Task requirements:
Leaving out all pictures, restate word for word the lines from the one with "(Best quality, 8k, 32k, Masterpiece, UHD,:1.2),RAW, 2girls,ultra" through the last line of the entries.

Captioned web image data:
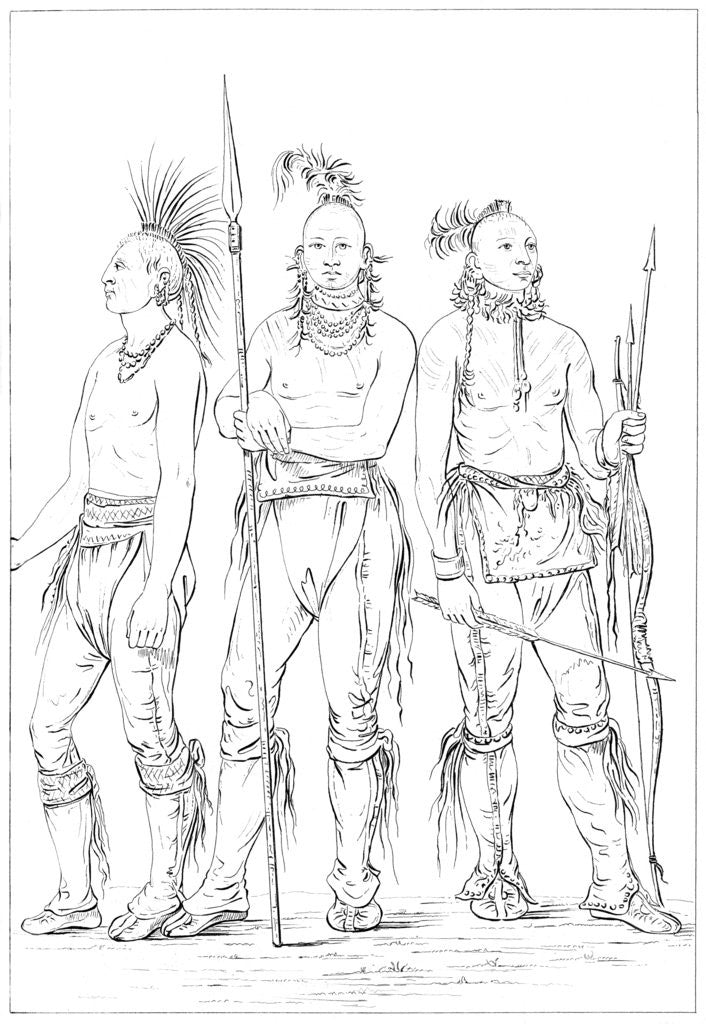 Detail of Three Osage braves by Myers and Co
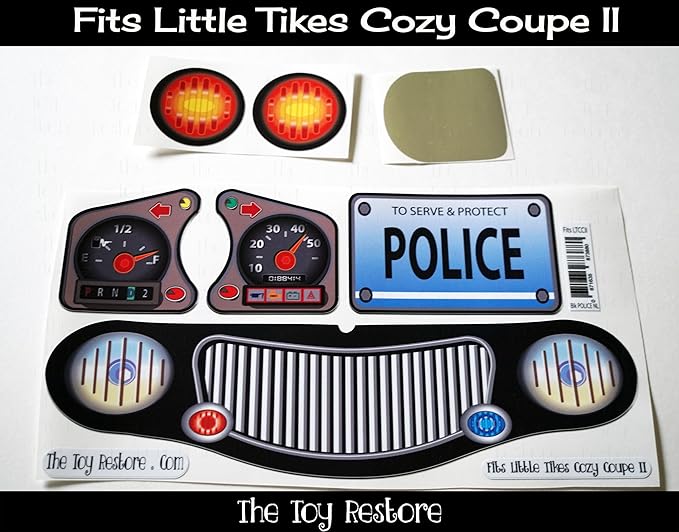 Toy Restore Replacement Sticker Fits Little Tikes Cozy Coupe II Car Police Basic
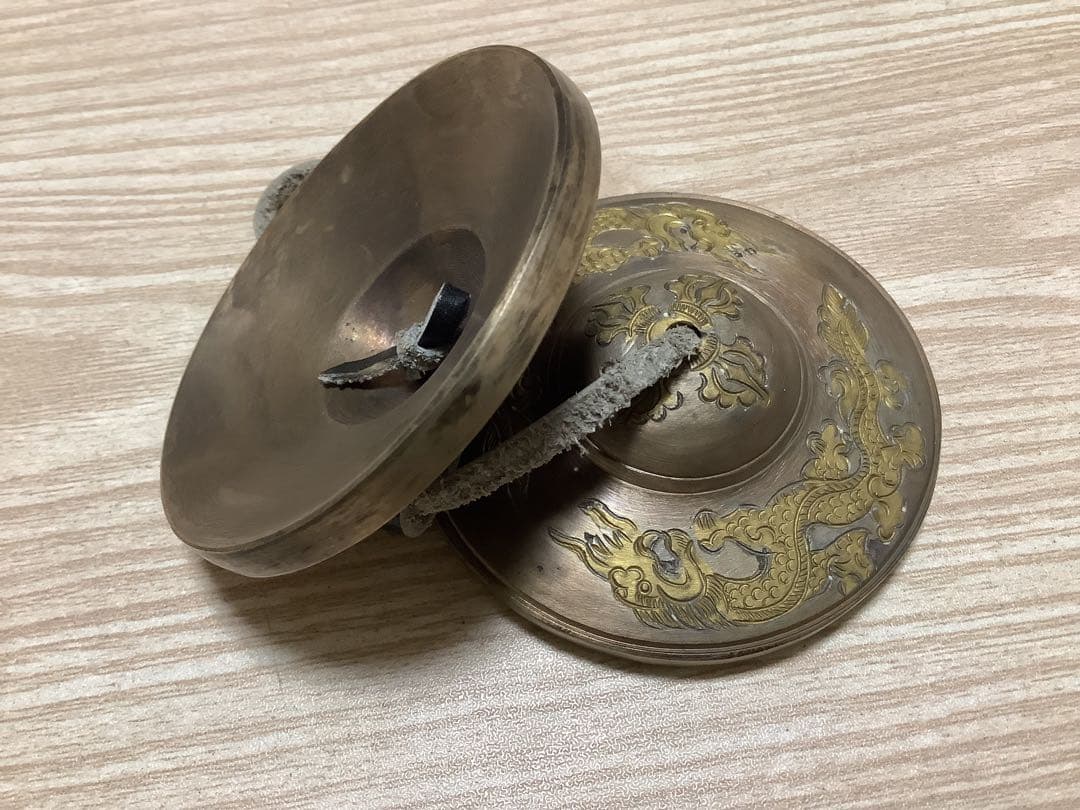 《 チベット密教　新品 》 最高級　ティンシャ　チベタンベル　ドラゴン　羯磨杵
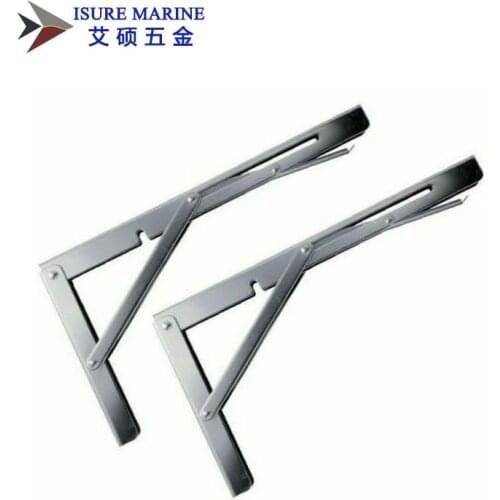 2x 304 Stainless Steel Folding Shelf Bench Table Bracket 250kg Load Heavy Duty
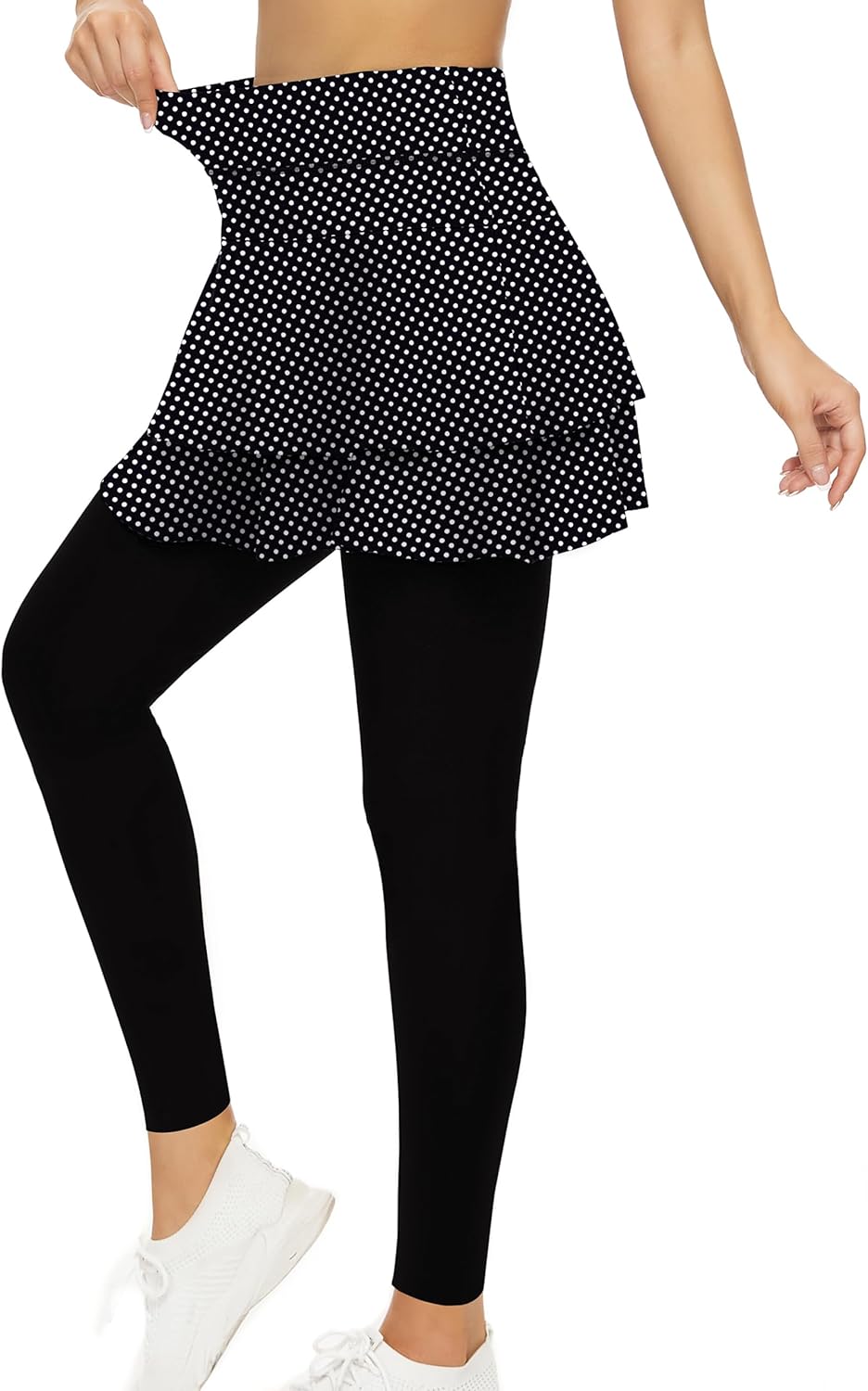 WOWENY Tennis Skirted Leggings with Pockets for Active Women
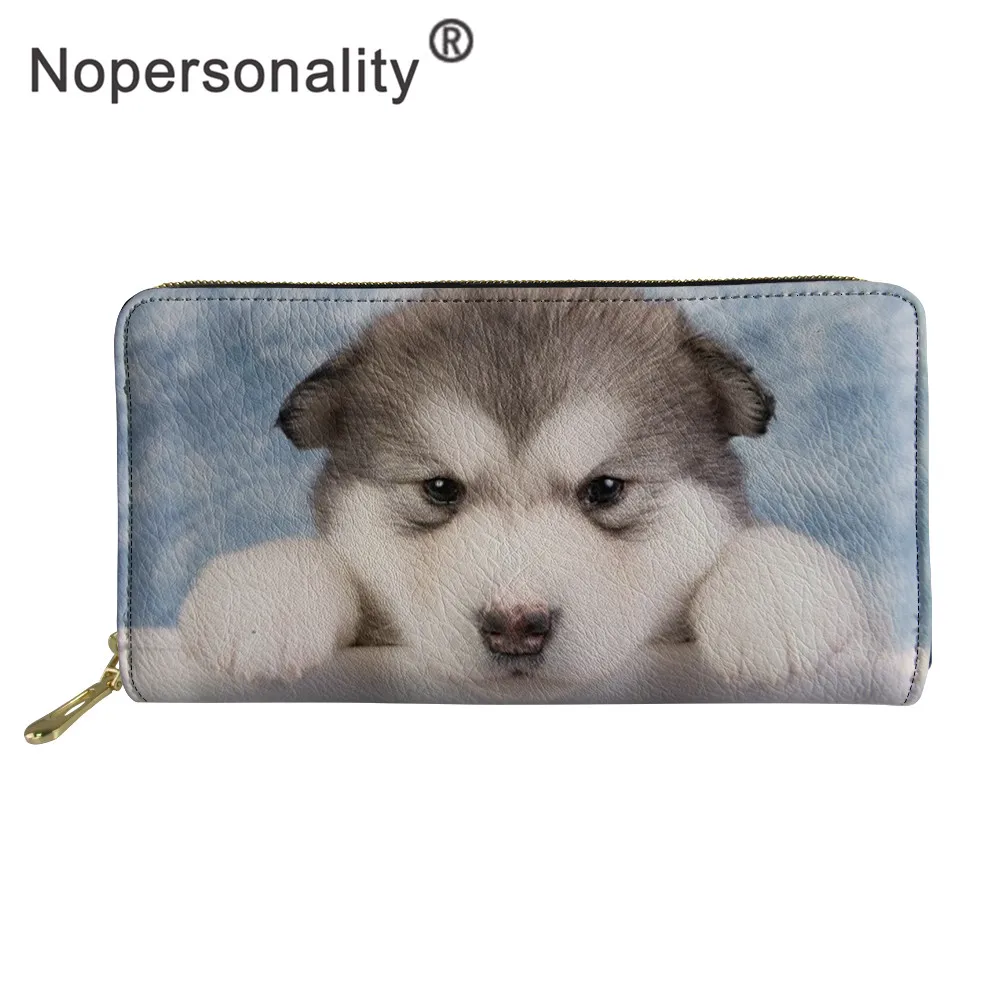 Nopersonality женский кожаный кошелек на молнии с принтом Alaskan Malamute, Дамский модный держатель для карт, женский длинный клатч - Цвет: L5232Z21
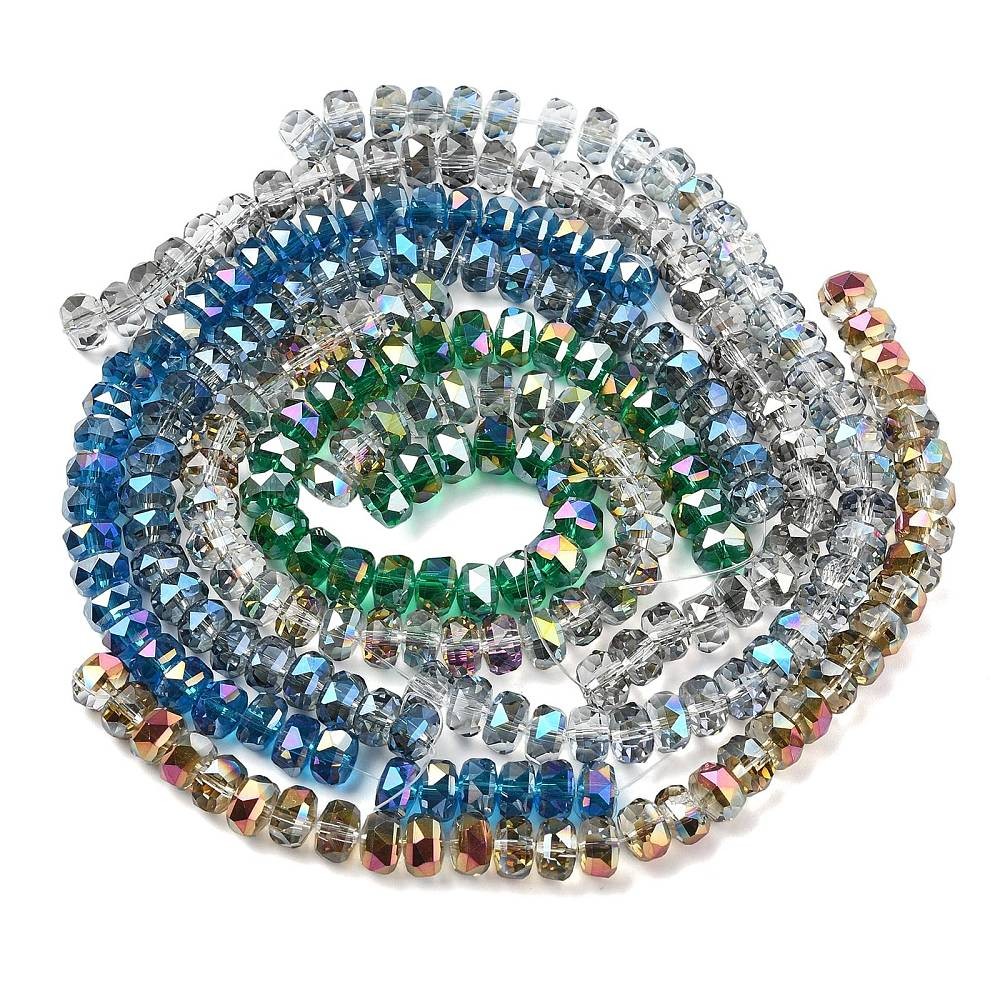 230pcs Electroplate Transparent Glass Beads Strands Rondelle Glass Bead for DIY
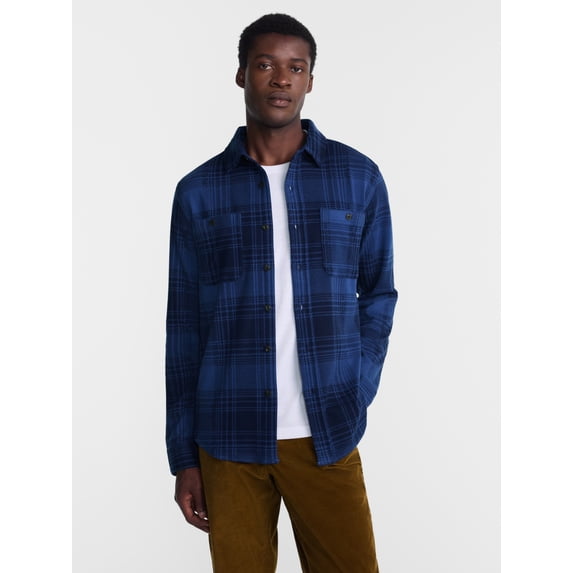 George Men's Knit Overshirt with Long Sleeves, Sizes XS-4XLT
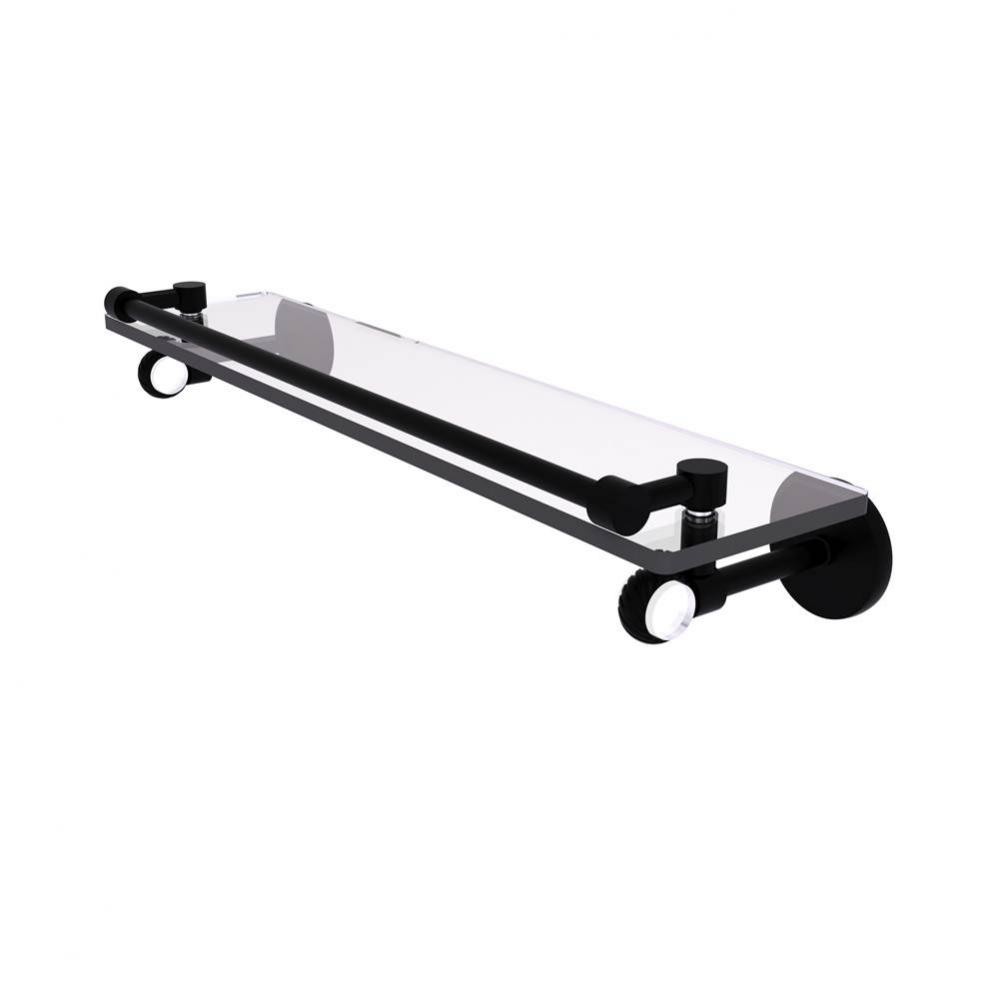 Clearview Collection 22 Inch Gallery Rail Glass Shelf with Twisted Accents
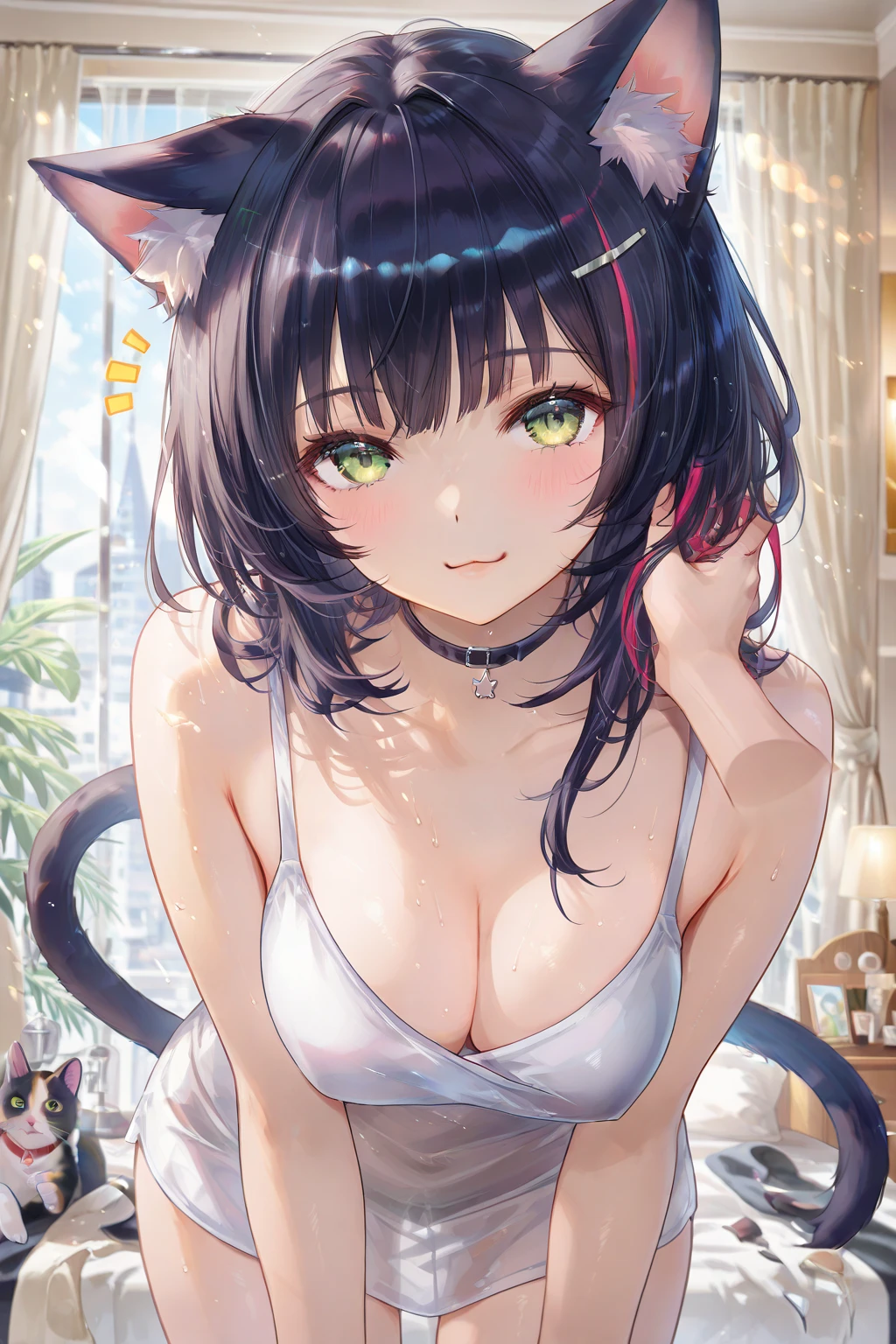 (Best quality, 8k, 32k, Masterpiece, UHD,:1.2),RAW, 2girls,ultra cute , natural lighting,transparent shining eyes, 20yo,medium breast ,fair complexion ,flushed face, Black Micro bra and panties, lace bra and panties, sexy bra and panties, ((all fours)), cat ears, cat tail, kneeling, emphasizing breasts, From the front, Garter belt, emphasizing the Cleavage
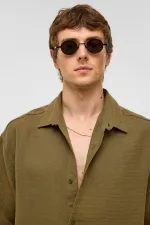 Chemise oversize à manches courtes en mousseline, kaki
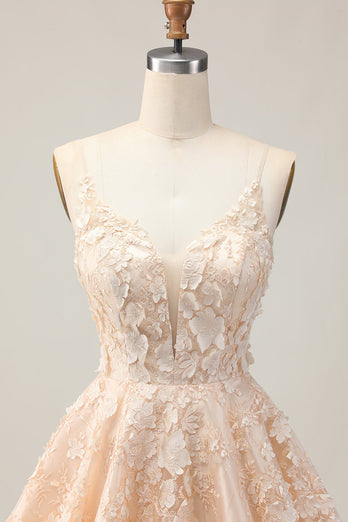 Apricot A Line Floral Spaghetti Straps Short Prom Dress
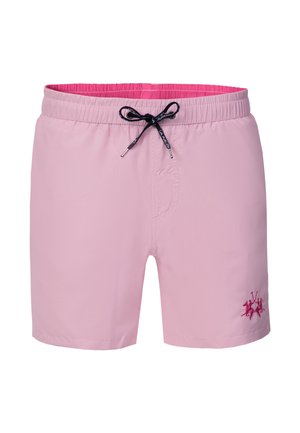 Hellrosa Badeshorts mit elastischem Bund, schwarzem Kordelzug und kleinem besticktem Logo nahe dem linken Saum.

Your solution:
 (Best quality, 8k, 32k, Masterpiece, UHD,:1.2),RAW, 2girls,ultra cute , natural lighting,transparent shining eyes, 20yo,medium breast ,fair complexion ,flushed face, Black Micro bra and panties, lace bra and panties, sexy bra and panties, ((all fours)), cat ears, cat tail, kneeling, emphasizing breasts, From the front, Garter belt, emphasizing the Cleavage
 Chemise oversize à manches courtes en mousseline, kaki
 Apricot A Line Floral Spaghetti Straps Short Prom Dress
 Hellrosa Badeshorts mit elastischem Bund, schwarzem Kordelzug und kleinem besticktem Logo nahe dem linken Saum.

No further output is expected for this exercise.